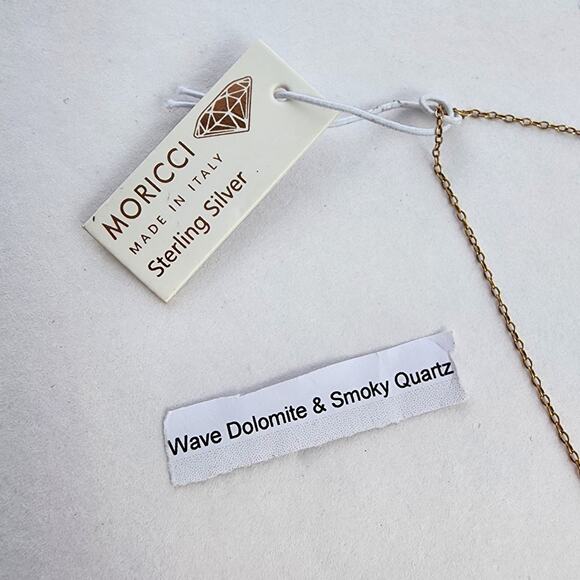 Moricci Necklace Gold Over Sterling Silver 925 Vermeil Signed NWT Smoky Quartz - Picture 4 of 8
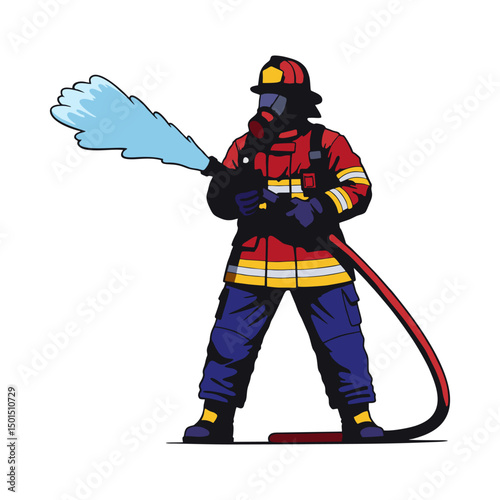 Illustration A firefighter is spraying water to extinguish a fire
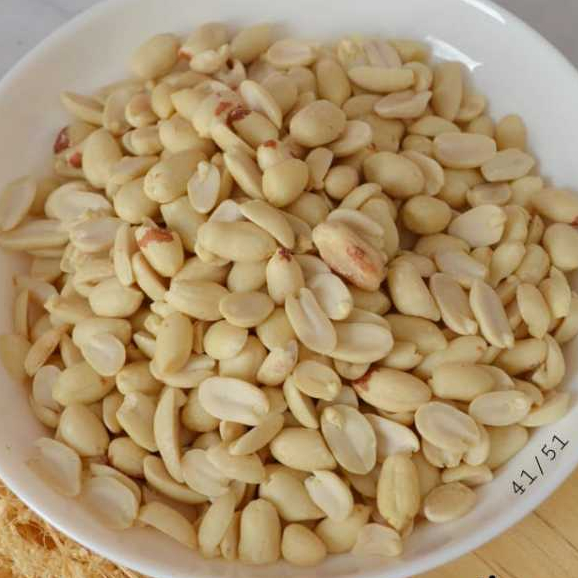 Kacang Tanah Kupas Mentah, Kacang Kupas Bersih - Ukuran 41/51 Besar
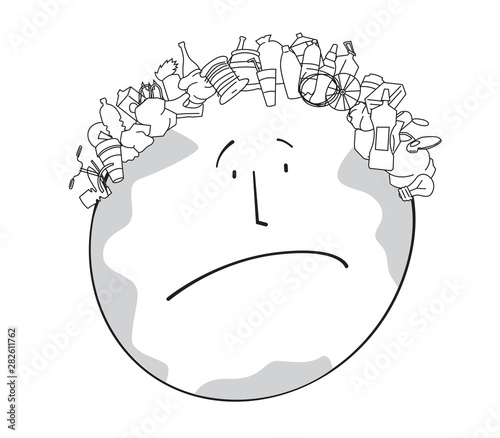 Linear satirical drawing of a sad planet Earth with a haircut in the form of garbage. Ecological problems. Vector full color graphics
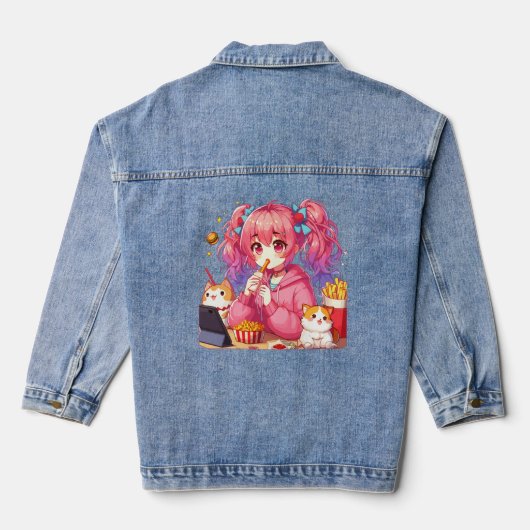 Anime Bliss: Mädchen, Kartoffeln und Haustiere Jeansjacke (Rückseite)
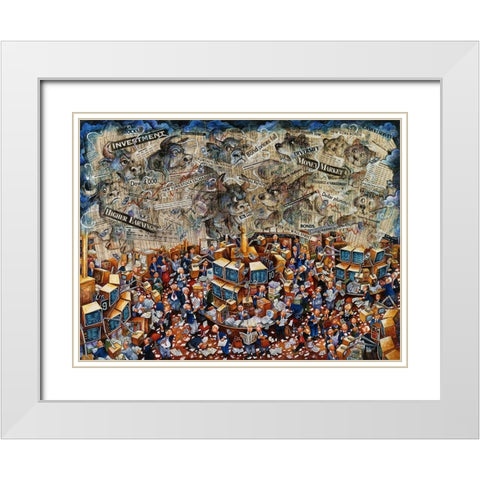 Week On Wall Street White Modern Wood Framed Art Print with Double Matting by Bell, Bill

Work to be completed ▸ With the pictures omitted, write out exactly the lines from the one that contains "Illustration A firefighter" through the final line of the material above, both ends included.

Problem solution ▸
 Illustration A firefighter is spraying water to extinguish a fire
 Kacang Tanah Kupas Mentah, Kacang Kupas Bersih - Ukuran 41/51 Besar
 Linear satirical drawing of a sad planet Earth with a haircut in the form of garbage. Ecological problems. Vector full color graphics
 Anime Bliss: Mädchen, Kartoffeln und Haustiere Jeansjacke (Rückseite)
 Week On Wall Street White Modern Wood Framed Art Print with Double Matting by Bell, Bill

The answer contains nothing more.